EXERCISE - From the first line to the last, set down the material exactly, leaving out its pictures.

DATA SEGMENT -

--------------------

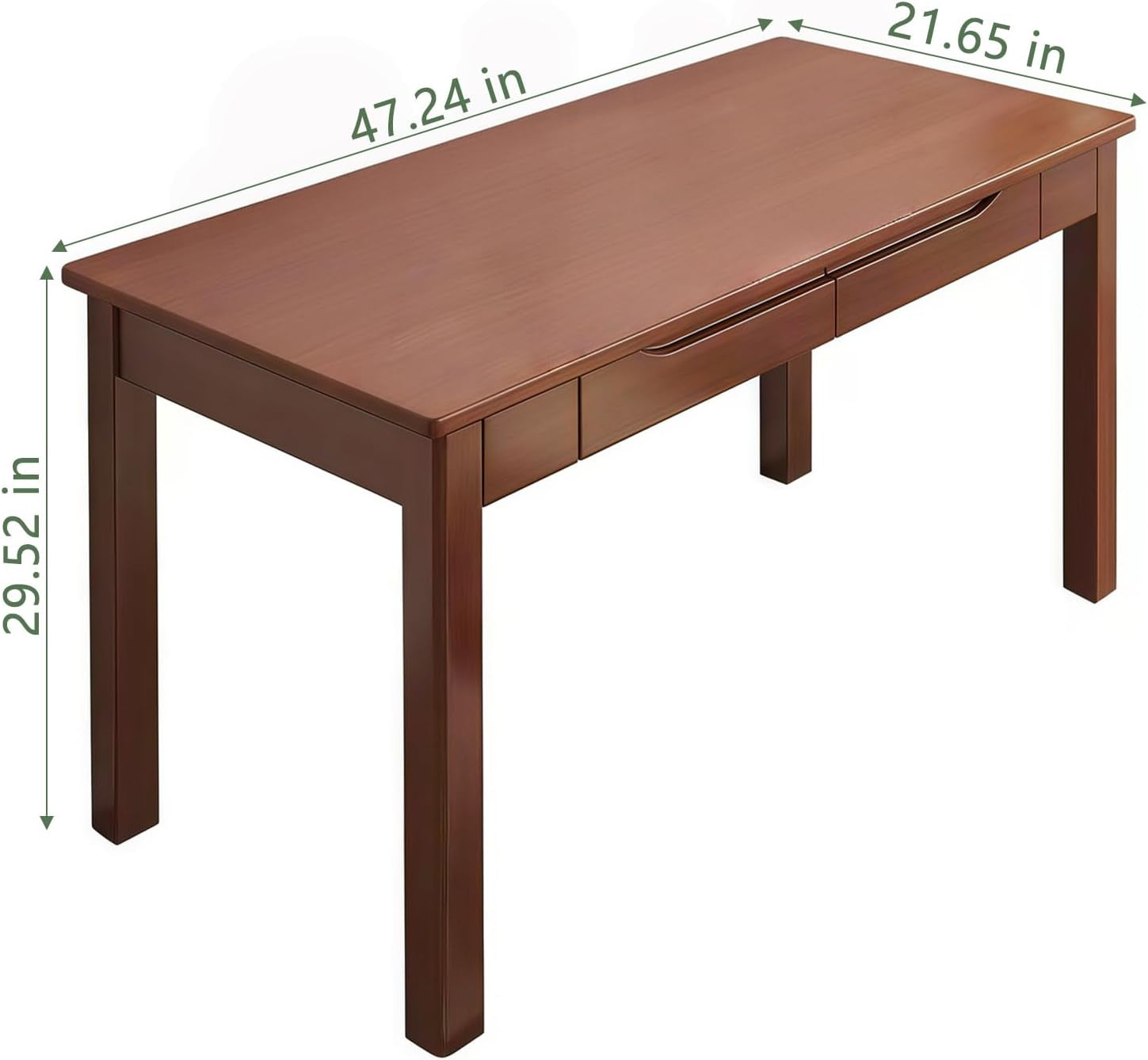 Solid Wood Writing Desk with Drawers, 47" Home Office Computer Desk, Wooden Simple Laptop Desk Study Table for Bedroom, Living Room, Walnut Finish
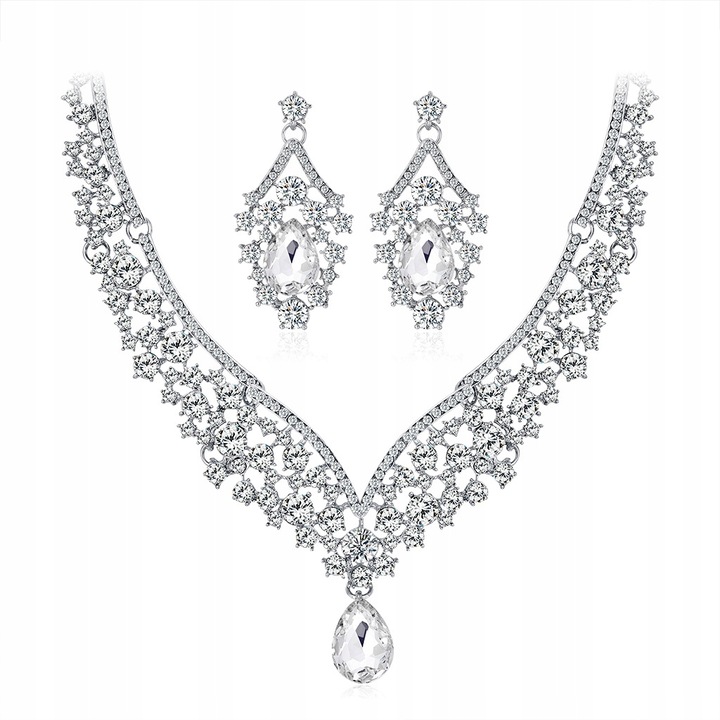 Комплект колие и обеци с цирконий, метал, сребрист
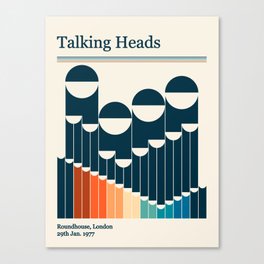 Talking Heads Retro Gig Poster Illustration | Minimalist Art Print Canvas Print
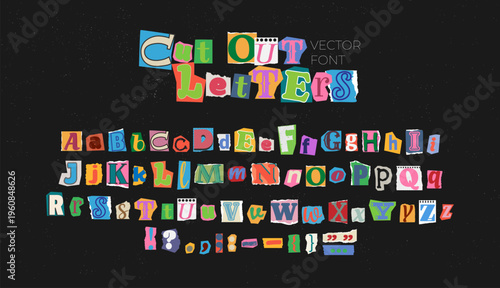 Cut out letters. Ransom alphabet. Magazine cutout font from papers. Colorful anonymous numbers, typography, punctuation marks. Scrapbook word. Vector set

--------------------

RESULT FOR THIS EXERCISE -
 Solid Wood Writing Desk with Drawers, 47" Home Office Computer Desk, Wooden Simple Laptop Desk Study Table for Bedroom, Living Room, Walnut Finish
 Комплект колие и обеци с цирконий, метал, сребрист
 Talking Heads Retro Gig Poster Illustration | Minimalist Art Print Canvas Print
 Cut out letters. Ransom alphabet. Magazine cutout font from papers. Colorful anonymous numbers, typography, punctuation marks. Scrapbook word. Vector set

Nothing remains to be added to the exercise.